The symmetry of the lips, ability to repeat /pΛ/, sensation in the lips, and drooling were evaluated to assess lip function. The symmetry of the lips was categorized as either normal (bilateral symmetry) or abnormal (bilateral asymmetry) based on the tester's observations. The patients were asked to pronounce the bilabial sound /pΛ/ as many times as possible in 5 seconds, and the number of pronunciations was recorded and ranked as follows: normal, at least 24; mild, 21 to 23; moderate, 18 to 20; severe, less than 17. The tip of a cotton bud was lightly applied to the patient's lips to evaluate sensation, which was classified in one of the following 3 categories : normal, same for left and right; moderate, different for left and right; severe, no sensation on either side. Drooling was classified as normal (no drooling) or abnormal (drooling).

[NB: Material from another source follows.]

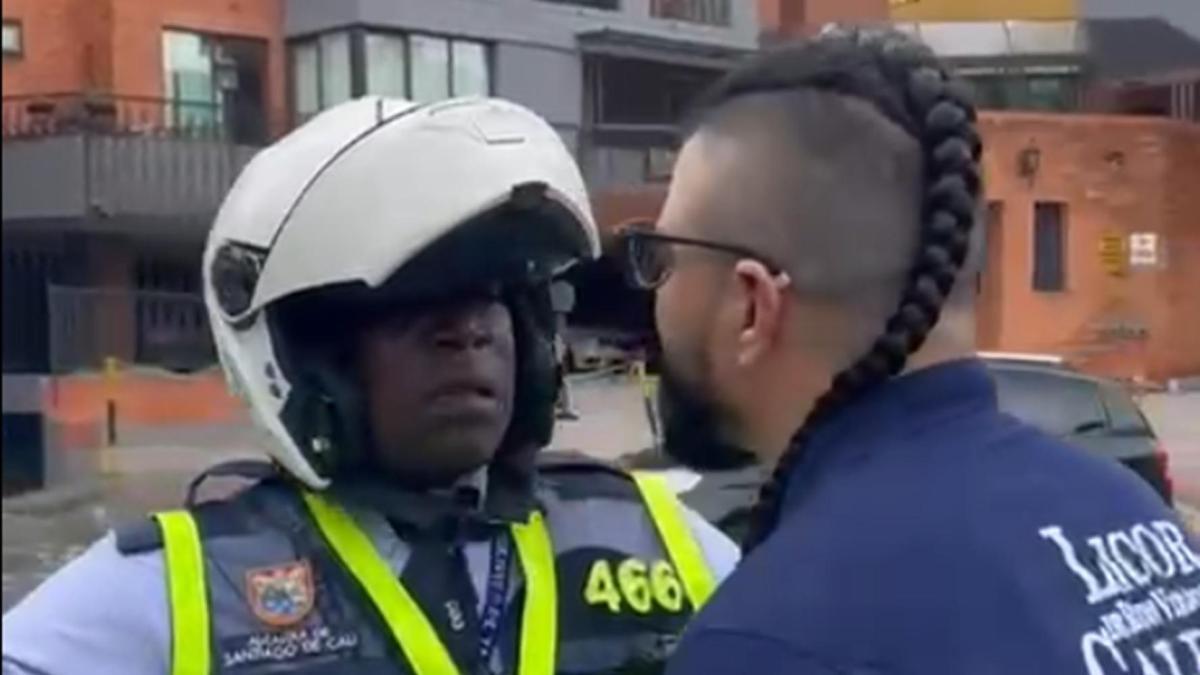 Denuncian agresión verbal e insultos racistas contra un agente de tráfico que hizo control de movilidad en Cali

The function of the tongue was evaluated for strength, number of times the patient could repeat the sounds /tΛ/ and /kΛ/, and sensation. A tongue depressor was used to examine the strength of the tongue as assessed by the patient's ability to raise the tongue depressor. Tongue strength was given one of 4 rankings: normal, able to withstand strong resistance; mild, able to withstand weak resistance; moderate, able to raise the tongue without resistance; severe, unable to raise the tongue at all. Ability to repeat /tΛ/ was evaluated by asking patients to pronounce the alveolar consonant /tΛ/ as many times as possible in 5 seconds. Based on repetition number, one of 4 rankings was given: normal, at least 24 repetitions; mild, 22 to 24; moderate, 19 to 21; severe, less than 18. Evaluation of the ability to pronounce /kΛ/ was measured in the same manner and again given one of 4 rankings: normal, at least 24; mild, 21 to 23; moderate, 18 to 20; severe, less than 17. To assess sensation, the tongue was touched lightly with the tip of a cotton ball. Sensation on the left and right sides were measured and one of 3 rankings was given: normal, same for left and right; moderate, different for left and right; severe, no sensation on either side.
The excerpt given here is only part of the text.